In the end, because of mechanical malfunctions and the combined obstacles of distance and weather, only about a thousand Fu-Gos ever reached America. The Japanese ultimately considered the balloon barrage a failure, and it was halted after five months. Though it never became the propaganda weapon they had hoped for, the Fu-Gos succeeded in causing the only wartime fatalities within the continental United States. In May 1945, a balloon bomb in Oregon killed six members of a church picnic, five of them children, when it went off as they tried to drag it clear of the woods. Two weeks later, the War Department lifted the secrecy order, and the government issued a statement warning the public not to tamper with the hazardous balloons.

The Los Alamos project leaders had been informed that a number of Japanese fire balloons had landed in the Southwest. The laboratory staff knew little about the airborne threat but they were keenly aware that Site Y represented a vital target. With the approaching test, “people at Los Alamos were naturally in a state of some tension,” Oppenheimer admitted in a letter to Eleanor Roosevelt written in 1950.
He added that the fact that they all immediately jumped to the conclusion they were under attack showed that “even a group of scientists is not proof against the errors of suggestion and hysteria”:

Almost the whole project was out of doors staring at a bright object in the sky through glasses, binoculars, and whatever else they could find; and nearby Kirtland field reported to us that they had no interceptors which had enabled them to come within range of the object.

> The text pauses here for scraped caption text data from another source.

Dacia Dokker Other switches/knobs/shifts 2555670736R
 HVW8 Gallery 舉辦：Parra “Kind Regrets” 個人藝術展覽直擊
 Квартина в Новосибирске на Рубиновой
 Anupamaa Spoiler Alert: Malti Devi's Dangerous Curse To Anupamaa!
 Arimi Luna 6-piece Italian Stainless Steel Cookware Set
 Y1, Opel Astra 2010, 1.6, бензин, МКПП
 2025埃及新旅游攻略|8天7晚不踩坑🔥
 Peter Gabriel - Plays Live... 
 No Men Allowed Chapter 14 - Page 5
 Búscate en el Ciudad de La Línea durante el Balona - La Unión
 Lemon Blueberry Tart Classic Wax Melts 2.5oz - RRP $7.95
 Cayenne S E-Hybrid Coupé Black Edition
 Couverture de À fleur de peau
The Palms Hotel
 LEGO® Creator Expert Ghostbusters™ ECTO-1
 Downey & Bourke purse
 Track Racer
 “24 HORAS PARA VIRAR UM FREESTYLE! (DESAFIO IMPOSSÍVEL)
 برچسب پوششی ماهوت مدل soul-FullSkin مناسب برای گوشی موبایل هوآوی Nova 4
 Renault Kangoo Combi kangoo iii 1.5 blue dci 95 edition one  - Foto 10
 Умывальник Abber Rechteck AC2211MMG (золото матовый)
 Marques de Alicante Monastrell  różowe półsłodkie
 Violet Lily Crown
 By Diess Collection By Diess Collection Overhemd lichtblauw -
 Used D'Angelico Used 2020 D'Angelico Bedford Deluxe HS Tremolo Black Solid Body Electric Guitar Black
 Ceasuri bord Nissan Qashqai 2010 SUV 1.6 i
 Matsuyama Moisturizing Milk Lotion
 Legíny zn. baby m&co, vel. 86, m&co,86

Dorothy’s account confirmed that Oppie and company had a bad case of the jitters. “The entire staff,” she noted, “from the Director down, was in a dither that day.” Work came to a standstill. Some of the scientists were convinced they could see some sort of suspicious “gondola” hanging from the balloon. Not everyone was convinced that what they were looking at was a balloon, and a few cooler heads suggested the mysterious orb might be a new star. “The scientists spent the afternoon craning their necks and evolving fantastic theories about the phenomenon,” she reported. “The personnel director, an astronomer by profession, was called on in his dual capacity to settle the argument in order to get the staff back to work. Since he would not make a flat statement, the speculation continued.”

At noon the following day, the same luminescent object again appeared in the sky. “Only then did all the experts agree that it was nothing more or less than the planet Venus, rarely seen in broad daylight,” wrote Dorothy. “But it did give many of us a few hours of rather quiet terror.”

With the brisk fall air, a back-to-school feeling permeated the mesa. The transformation of the laboratory had been completed over the summer and had cleared the way for a fresh start. The work had been messy and painful at times, particularly since none of the scientists were used to subjugating their interests and instincts to a large, cumbersome framework. But a number of chronic problems had been fixed in the process, and those individuals who could not adjust, or were not team players, had been threatened with removal or transferred to other divisions. A lot of anger and frustration had been vented, and the great majority, who had come to Los Alamos in the first place because of a strong sense of patriotic duty, were ready to put aside their differences and plunge back into the fray. Most of the physicists seemed reinvigorated, and even the Tech Area administration, which had never really settled into any kind of rhythm but lurched from one crisis to the next, seemed to function better. The new work hours on implosion were more grueling, but the divisions and groups were operating better, and overall there was less griping. As work on implosion progressed, Oppenheimer devoted himself to coordinating the different parts of the bomb project and making preparations for the test detonation of the plutonium device, which had been set for July 1945.